Work request:
Which lines of the records contain the word "flower"? Copy each one.

Task data:
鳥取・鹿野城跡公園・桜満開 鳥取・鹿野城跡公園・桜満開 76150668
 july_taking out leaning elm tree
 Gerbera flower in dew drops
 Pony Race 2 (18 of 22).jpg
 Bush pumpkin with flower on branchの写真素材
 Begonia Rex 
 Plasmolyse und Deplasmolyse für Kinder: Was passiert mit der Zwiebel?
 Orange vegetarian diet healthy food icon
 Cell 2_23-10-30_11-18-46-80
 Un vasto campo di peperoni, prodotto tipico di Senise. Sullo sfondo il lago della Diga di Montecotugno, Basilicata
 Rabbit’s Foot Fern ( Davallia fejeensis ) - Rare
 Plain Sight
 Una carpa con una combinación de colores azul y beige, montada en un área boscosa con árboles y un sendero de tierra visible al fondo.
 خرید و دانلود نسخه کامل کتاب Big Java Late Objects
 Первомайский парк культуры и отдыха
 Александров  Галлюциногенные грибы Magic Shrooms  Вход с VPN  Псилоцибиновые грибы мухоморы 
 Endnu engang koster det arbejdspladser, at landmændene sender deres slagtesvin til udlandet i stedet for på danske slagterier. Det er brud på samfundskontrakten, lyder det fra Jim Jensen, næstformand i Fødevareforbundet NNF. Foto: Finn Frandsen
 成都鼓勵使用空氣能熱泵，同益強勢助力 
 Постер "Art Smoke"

Solution for this exercise:
 Gerbera flower in dew drops
 Bush pumpkin with flower on branchの写真素材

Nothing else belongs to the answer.